Après la parution de The Lastman de Jérémie Périn, c’est au tour de Mutafukaz, présenté précédemment au festival Gérardmer 2018, de mettre une pierre à l’édifice de l’animation française et de le faire avec punch et adrénaline. Adaptant le comics du même nom, le long métrage exacerbe toutes les fulgurances des traits de Guillaume Renard (Run) dans un monde post apocalyptique américanisé et bariolé, où l’humanité court de plus en plus à sa perte. Dans la ville miteuse de Dark Meat City, sorte de « GTA San Andreas » sous acide, lieu aux allures west coast ensoleillé où tous les gangs latinos s’affrontent pour avoir la suprématie, environnement délétère où la misère des petites ruelles fait rage, Lino et Vinz, aux physiques des plus particuliers (petits et grosses têtes noires ou de squelettes enflammés), vont voir leurs vies basculer suite à l’accident de scooter de Lino.

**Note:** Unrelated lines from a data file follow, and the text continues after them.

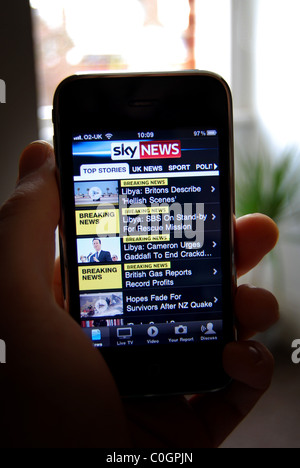 Photo illustration d'un iphone 3gs montrant l'application des nouvelles du ciel sur l'affichage Banque D'Images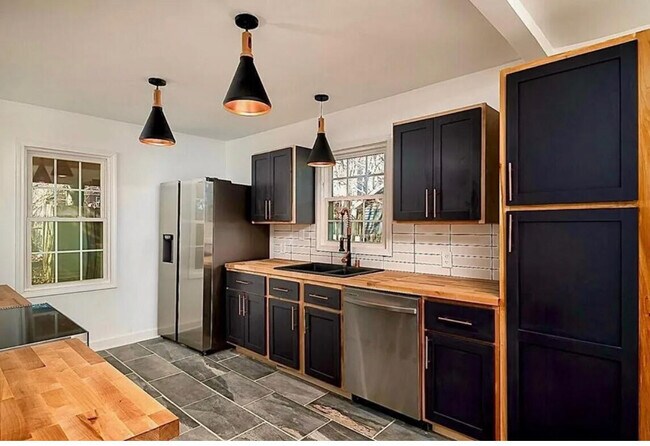 Foto del edificio - 667 Longview Dr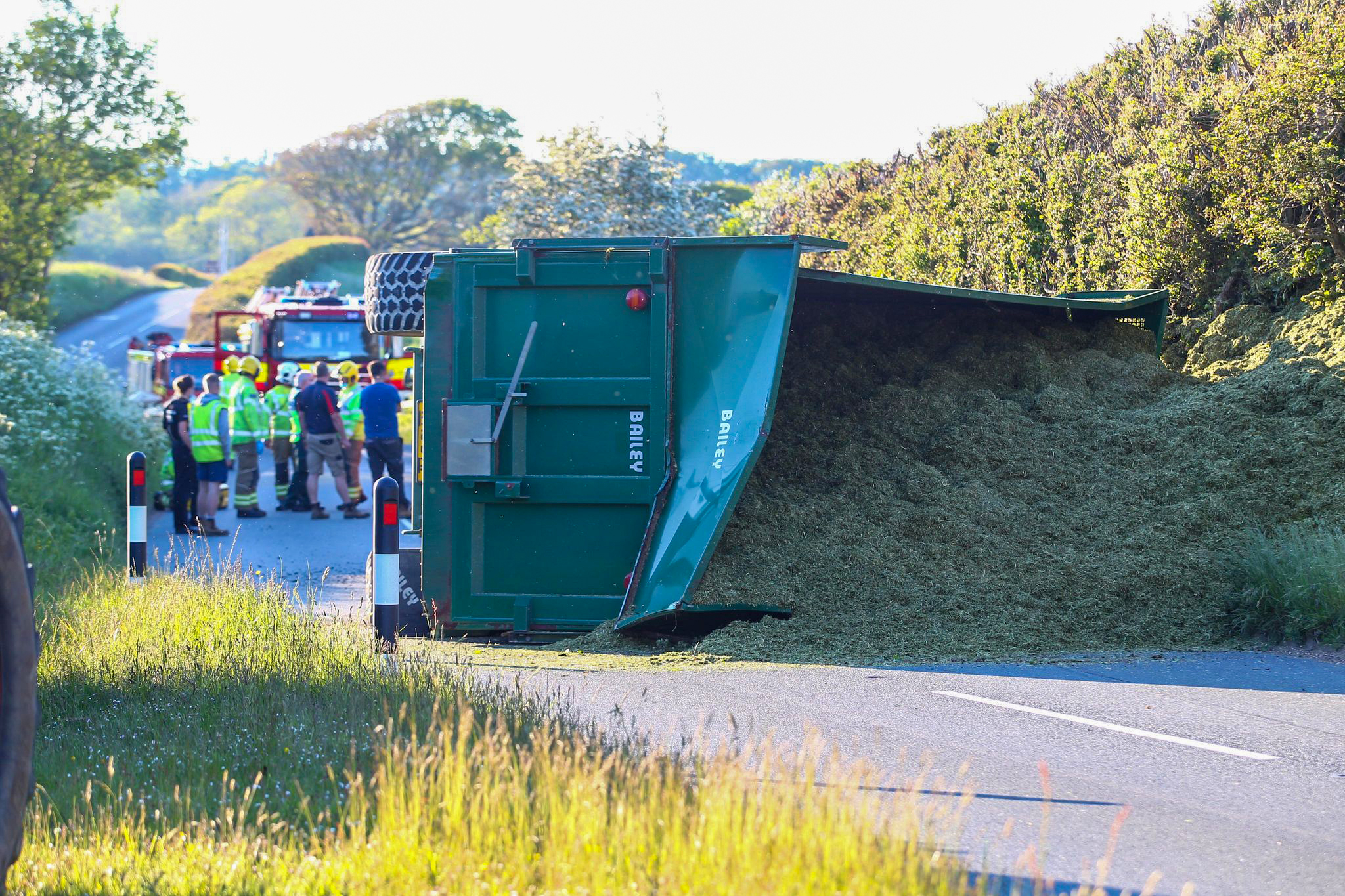 TRACTOR’S TRAILER OVERTURNS IN GODSHILL BLOCKING MAIN ROAD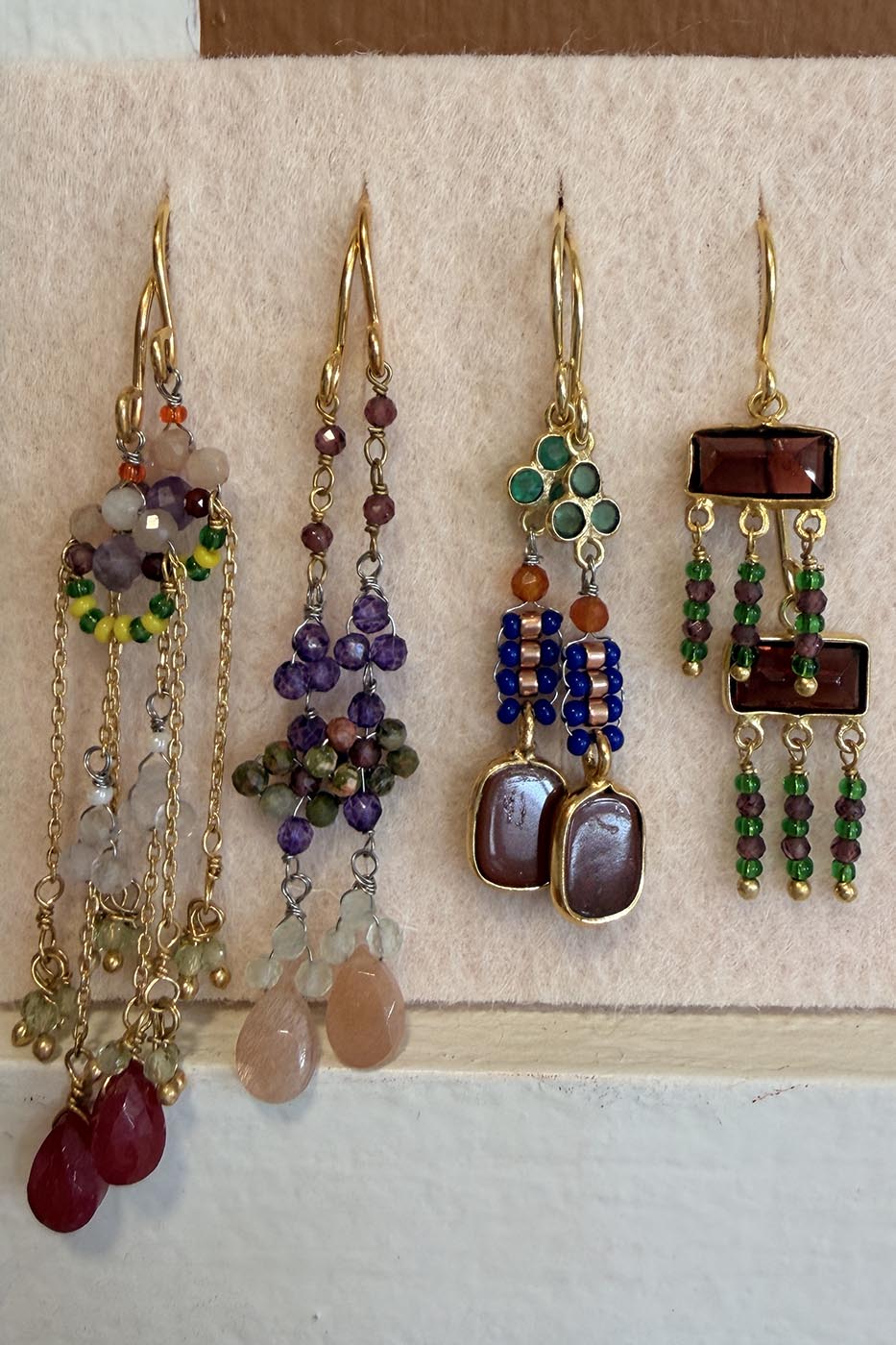 Boucles d’oreille en laiton doré et Pierre Semi-Précieuse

Suite à cela, il commencera à faire des cauchemars alambiqués et ils se verront poursuivre par une étrange société secrète. De prime abord, leur script ne parait pas des plus originaux : ce n’est pas à travers ce pitch voyant un enfant ou un adolescent avec des pouvoirs dissimulés hors du commun qui se verra être la cible d’une entité secrète qui souhaiterait conquérir la Terre que Mutafukaz sort des sentiers battus. Même si des thèmes comme l’humanité, la politique, le complotisme, la tolérance et le fait d’être soi même dans un monde stéréotypé et sanguinolent permettent au film de prendre de l’ampleur et une profondeur parfois inattendue, c’est avant tout pour ses graphismes urbains et son rythme haletant que Mutafukaz vaut le détour.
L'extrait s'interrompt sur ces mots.